Pouding Chômeur – this version uses less ‘sauce’ than most- some recipes double the amount below. Both versions will work; it all depends on what balance you need.

Preheat the oven to 400F / 200C and place a rack in the middle of the oven.

Grease a 9×9 inch / 23 x 23 cm high-sided baking pan – or any high-sided oven-proof dish you have that is close in size. I’ve used this oval number. It’s longer and the cake is thinner. Not ideal, but it works.

⅓ cup (75g) butter, at room temperature

½ cup (100g) white sugar

¼ cup (60ml) milk

1 egg

½ teaspoon vanilla

1 cup (150g) flour

½ teaspoon baking powder

¼ teaspoon salt

1 cup brown sugar

½ cup (125ml) water

½ cup (125ml) cream – 18-35% will do

Beat butter with sugar until combined. Add milk, egg and vanilla and continue to beat until smooth. Sift flour, baking powder and salt together and fold into the butter mixture just until combined – the mixture will be thick.

Meanwhile, whisk brown sugar with water and cream. Set aside.
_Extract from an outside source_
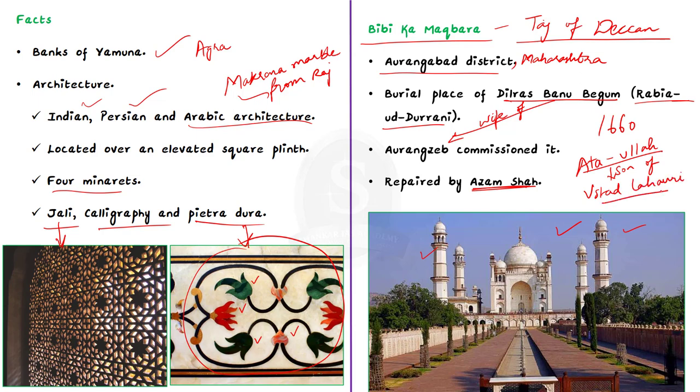Through this discussion, we have briefly seen the Taj Mahal and also the mini Taj of the Deccan, known as Bibi Ka Maqbara. To know more interesting facts like this, please follow Shankaraya's Academy's YouTube channel.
Spoon batter into prepared pan. Gently pour sauce over batter – it may cover the batter completely, depending on the size of the pan. Place pan on a cookie sheet (to catch any drips) and slide into the preheated oven. Bake for 30 minutes, or until the top is crispy and a tester comes out moist but clean. Allow to cool on a wire rack for a few minutes, then enjoy, warm or cold.